(1.) THIS is an application in revision arising out of proceedings Under Section 514 of the Code of Criminal Procedure. The present Applicant Malkhan Singh and one other person Chiranji had stood surety for Phula alias Phool Singh against whom was pending a case Under Sections 380 and 411 of the IPC. Phoola appeared in court upto 23 -2 -1966, but not thereafter. Proceedings Under Section 514 of the Code of Criminal Procedure were thereafter taken up by the Magistrate. The personal and surety bonds were forfeited. Though show cause notices were directed to be issued, they were in fact not.

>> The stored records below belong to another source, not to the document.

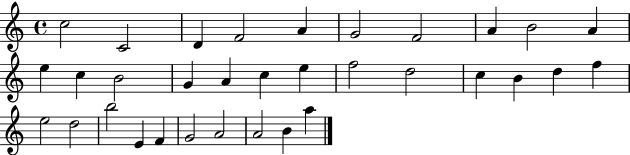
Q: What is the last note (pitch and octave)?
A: A5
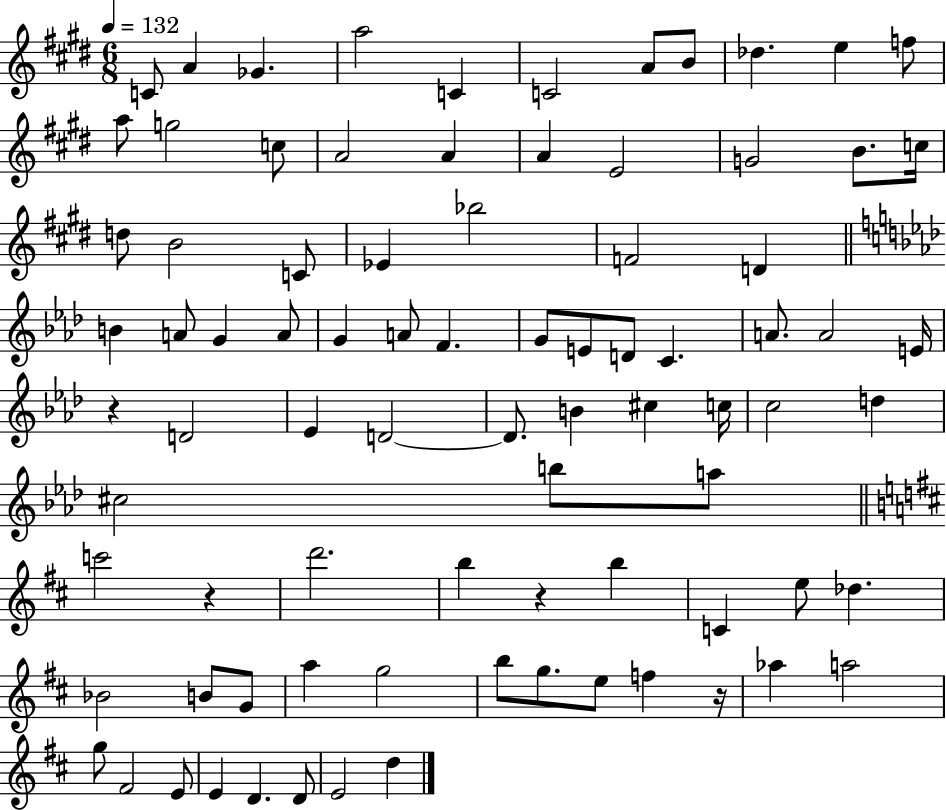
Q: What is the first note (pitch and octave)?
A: C4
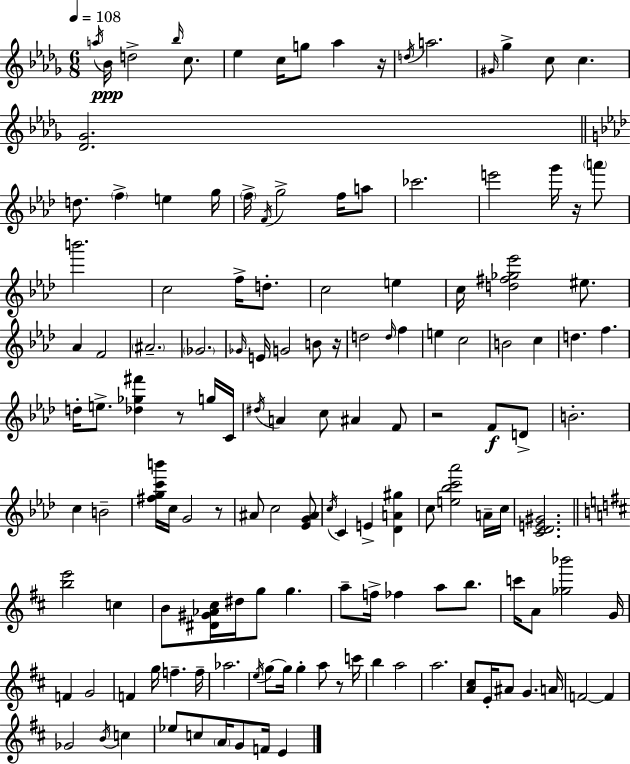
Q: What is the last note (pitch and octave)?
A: E4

The ultimate order passed by the Magistrate required the sureties to produce the accused by a certain date and they were also told that if they failed to do so, action would be taken against them. It was reported ultimately that the accused had been shot dead in some encounter with the police. Proceedings against the sureties, however, continued and they deposited the amount of their bonds in cash when distress warrants were issued against them. The Applicant and the other surety Chiranji went up in appeal to the Sessions Judge Under Section 515 of the Code and challenged the correctness of the order made against them. The Sessions Judge has found that the Magistrate had not followed the procedure prescribed Under Section 514 of the Code and consequently held that the order regarding the recovery of the amount from the sureties was illegal. He, therefore, allowed the appeals, set aside the order passed by the Magistrate, but thereafter gave the direction that:
(2.) THE point raised on behalf of the Applicant is beset with some difficulty and there appears to be no direct decision on this point.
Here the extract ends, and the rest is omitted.